Stillman also did good power play work with the Senators. Although he only had the one point, he created chances, and the power play of the team was weak overall to begin with.
Stillman is a judgment call for Bryan Murray, and there is no clear answer on the man. He put up decent numbers, doesn't carry a heavy cap burden (at $1.75 million), and has plenty of character and experience.
Personally, I would try to resign a guy like Cory Stillman. Maybe we thought of you as a rental during deadline season, Cory, but I think you should stick around.
3. Mike Commodore
When he first arrived in Ottawa from Carolina, Commodore was expected to put a big body presence in front of the Senators’ net.
There certainly was a big body there, but it didn't appear to be doing much.
Not heavily noted for his offensive contributions, Commodore needed to contribute more of the physical defense style he is known for.
Commodore's only noticeable stat was a glaringly poor rating of -9 in 26 games with the Senators.
Commodore was making $1.3 million last season and appeared to be earning that in Carolina. After moving to Ottawa, however, his stock plummeted due to costly giveaways and poor defensive coverage.

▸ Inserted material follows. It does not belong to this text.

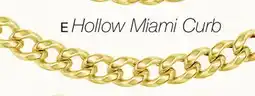 Charm Diamond 10K Yellow Gold 24 Semi-Solid Miami Cuban Chain offer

Perhaps it can all be attributed to new team jitters, but it doesn't change the fact. Unfortunately for Commodore, his jitters will cost him his spot on the team, and he will likely return to Carolina.

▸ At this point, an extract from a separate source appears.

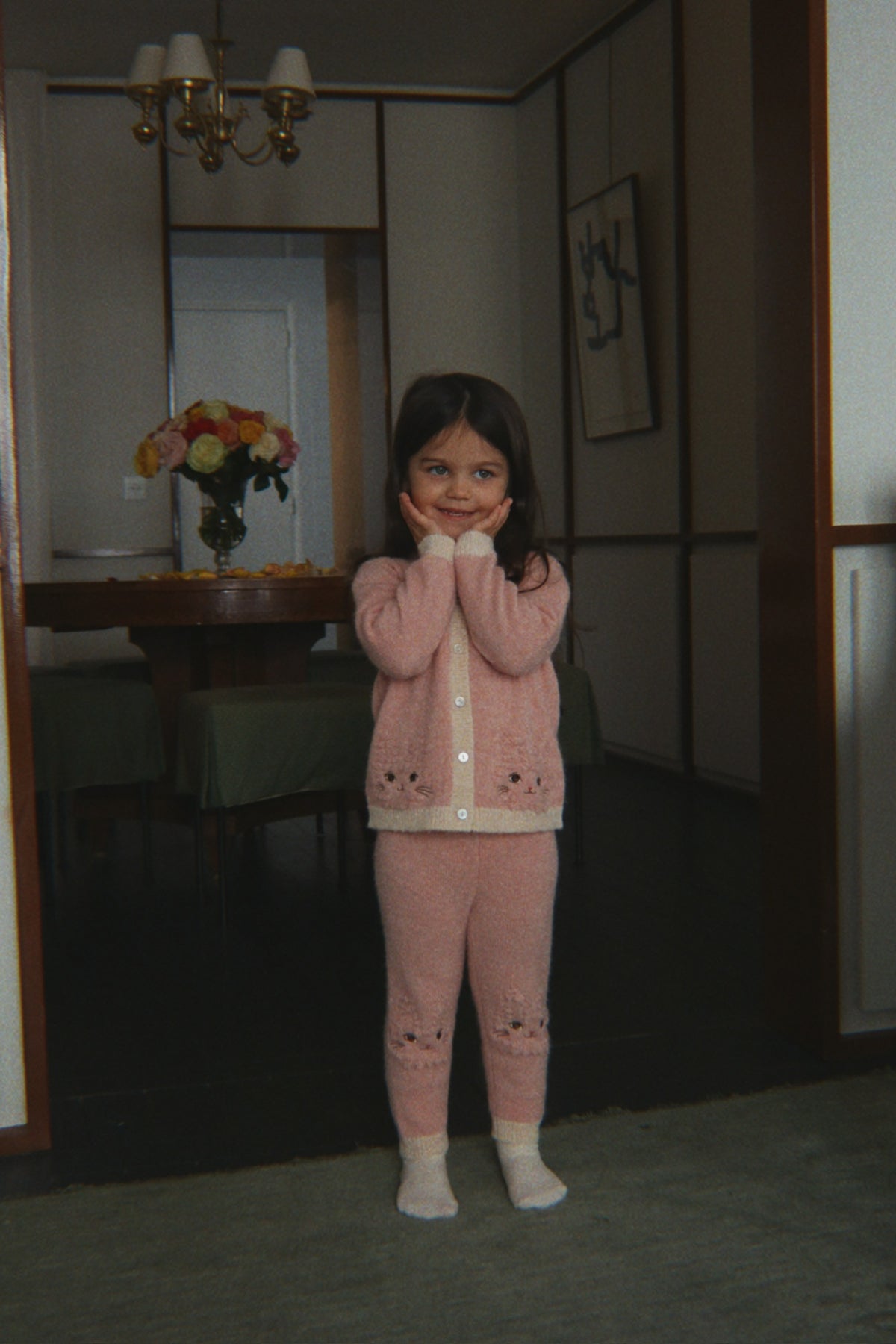 Kitty cardigan - Sølv/Rosa | Konges Sløjd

I have nothing to say to you, Mike. Get off my team.
4. Martin Lapointe
He was brought into Ottawa to provide veteran leadership and grit, his obvious assets.
Lapointe did provide leadership. He worked well when he occasionally played a line with Antoine Vermette, who seemed to have more chances in front of the net than ever.

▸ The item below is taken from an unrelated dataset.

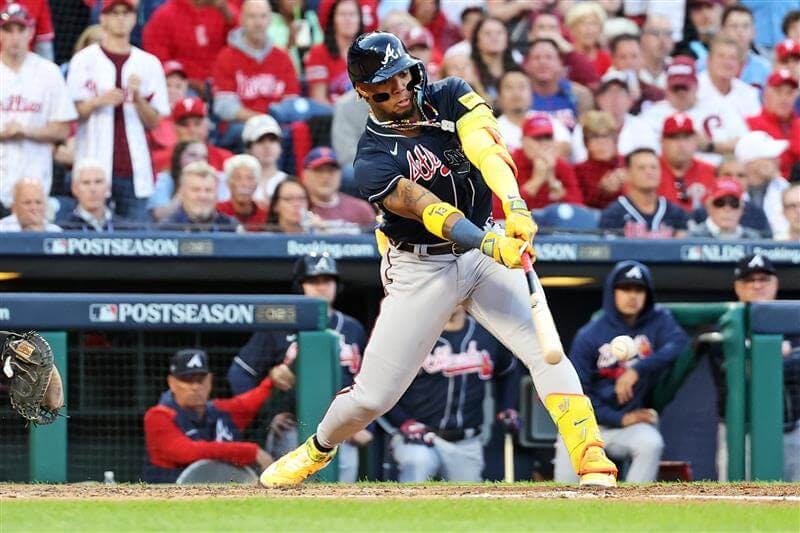 Atlanta Braves outfielder Ronald Acuna in MLB action.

His grit was never in question. He could hit, and hit he did. Lapointe is a tough player who isn't afraid of the rough places on the ice.
Not to mention his six points in 18 games was just an added bonus.
Bryan Murray went after Lapointe to bulk up for the players. Now that it's obvious Ottawa needs some help, the smart decision here would be to let him go.
Thanks for making Antoine Vermette look good, Marty. Best of luck in your final NHL years.
5. Chris Kelly
Mostly playing a defensive role in Ottawa, he is a key to the Senators’ penalty kill.
Chris Kelly is a player that doesn't shoot enough and often doesn't get as many chances to shoot as you'd like.
19 assists and 30 points in his 75 regular season games looks good considering a good portion of his minutes are penalty kill minutes.
GM Bryan Murray needs to gather as much cap room as he possibly can. However, Kelly's $1.2 million contract is certainly worth every penny.
Resign this kid, are you kidding me? He is Ottawa's number one penalty killer, and always looks good doing it.
Costly turnovers? A rare thing for Chris Kelly, and that's definitely worth noting. His contract is small, his penalty killing is exceptional, and he does contribute up front.
Kelly could produce more offensively if given the opportunity. He got a great opportunity last season when Spezza went down, and a significant portion of his 38 points that season were from playing with Alfredsson and Heatley.
Chris, you're a penalty killing machine, which should earn you a brand new contract. (Note: I apologize for repeating myself more than Pierre McGuire.)
Final Verdict on the Rest of 'Em
No one else of significance remains on the list of possible free agents for the Senators. It's easy to see this set of players didn't benefit the team, and none of them contributed worthwhile offense or defense.
A combined $3.1 million sits with the remaining five players on the list at the top. Nick Foligno, Cody Bass, and Brian Lee showed themselves more than capable of joining the big leagues with their games playing for the Senators this season.
With young guys prepared, it should make it easy to cut these five free agents from the squad and move forward.